Figure 8 shows how wellbore breakouts would appear in images. Each image shows how the feature can be mapped by recording the coordinates ( \theta, z ) of key points on the image. More sophisticated algorithms are used in commercial image interpretation software to account for variations in borehole diameter with depth and borehole deviation. The examples shown here are meant to illustrate the concepts and only apply to vertical wells aligned with a principal stress.

Constructing-a-borehole-image-of-breakouts
Figure 8: Constructing a borehole image of breakouts

Imaging Tools

The majority of wellbore images are generated from acoustic or electric signals recorded by logging tools as they move along the axis of the hole. Less common are images formed from measurements of reflected light, bulk density, and gamma rays. Optical devices offer the highest resolution but only work in clear borehole fluids or in air-filled holes. Consequently, they are not practical in deep wells. Density and gamma ray images have much lower vertical and azimuthal resolution compared to images generated by acoustic or electrical signals.

Acoustic Tools

The first wellbore imaging tool was invented by the Mobil Oil Company in the late 1960s (Zemack and Caldwell, 1969). It was an acoustic device called the borehole televiewer (BHTV). Acoustic methods employ a rotating ultrasonic transducer that emits and receives a pulse of ultrasonic energy. Reflected amplitude and two-way transit time are measured for each ultrasonic pulse. The transducer fires about 180 times per revolution, although this number varies with tool manufacturer. Two 360-degree coverage images can be produced from this device:

  • A two-way transit time image measuring the borehole cross-section shape
  • A reflected amplitude image mapping acoustic impedance and/or surface roughness; dark areas of the image correspond to low acoustic impedance and/or rough surfaces; bright areas represent high acoustic impedance or a smooth surface

Acoustic images detect large-scale features such as wellbore breakouts, faults, relatively large natural fractures, and prominent contacts between lithologic units. They are most useful in the study of geomechanics and structural geology because they emphasize large-scale structures, but at the expense of small-scale sedimentological structures. A disadvantage of acoustic devices is that the performance degrades in wells filled with heavy drilling fluids (such as mud density of about 15 pounds per gallon or greater).

Schlumberger’s acoustical imaging tool (UBI) is shown in Figure 9A.

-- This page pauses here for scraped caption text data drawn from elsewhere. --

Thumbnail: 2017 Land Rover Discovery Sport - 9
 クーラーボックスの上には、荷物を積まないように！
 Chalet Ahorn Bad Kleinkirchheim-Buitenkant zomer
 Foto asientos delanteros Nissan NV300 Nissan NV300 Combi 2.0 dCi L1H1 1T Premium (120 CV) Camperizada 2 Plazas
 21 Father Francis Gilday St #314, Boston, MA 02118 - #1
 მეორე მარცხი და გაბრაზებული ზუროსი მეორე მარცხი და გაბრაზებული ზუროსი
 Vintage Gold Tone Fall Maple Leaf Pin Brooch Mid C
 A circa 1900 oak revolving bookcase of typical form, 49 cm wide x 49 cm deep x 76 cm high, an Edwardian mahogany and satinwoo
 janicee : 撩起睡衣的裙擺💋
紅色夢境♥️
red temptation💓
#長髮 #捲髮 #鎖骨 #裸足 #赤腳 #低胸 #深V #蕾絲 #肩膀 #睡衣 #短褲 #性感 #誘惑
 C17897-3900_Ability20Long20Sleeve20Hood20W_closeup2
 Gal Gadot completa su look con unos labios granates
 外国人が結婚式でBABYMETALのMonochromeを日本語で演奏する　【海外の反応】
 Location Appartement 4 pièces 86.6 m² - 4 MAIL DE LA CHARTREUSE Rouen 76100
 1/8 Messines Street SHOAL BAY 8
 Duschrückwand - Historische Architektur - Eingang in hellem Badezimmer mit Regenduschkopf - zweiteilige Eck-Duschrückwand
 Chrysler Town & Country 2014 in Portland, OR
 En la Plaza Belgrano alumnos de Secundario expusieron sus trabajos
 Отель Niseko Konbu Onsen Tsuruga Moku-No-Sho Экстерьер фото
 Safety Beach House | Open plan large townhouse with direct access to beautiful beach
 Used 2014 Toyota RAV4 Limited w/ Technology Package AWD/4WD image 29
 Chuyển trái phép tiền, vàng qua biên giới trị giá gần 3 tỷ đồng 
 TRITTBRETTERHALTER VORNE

acoustical-imaging-tool-UBI
Figure 9: Schlumberger’s acoustical imaging tool (UBI)

Figure 9B shows a reflected amplitude image of a section of well with both a hydraulically induced fracture and incipient wellbore breakouts. Figure 9C shows the stress direction interpreted for this interval. Notice that the hydraulic fracture and the breakouts are oriented 90 degrees from each other as predicted by the Kirsch equations. The prominent dark vertical band in the center of image is caused by drill pipe rubbing on the wellbore.

Electrical Tools

Electrical imaging was invented by Schlumberger in the early 1980s (Ekstrom et al., 1986). Electrical images are formed by an array of electrodes in electrical contact with the formation. Electrode arrays are mounted on multiple mechanically-actuated arms to maximize image coverage of the borehole surface (Figure 10A). Electrical images represent a micro-resistivity map of the rock formation. High resistivity is represented in images as light colors and low resistivity by dark ones. Electrical images provide high-resolution information about fractures and sedimentary structures, but these details often obscure the stress-induced breakouts.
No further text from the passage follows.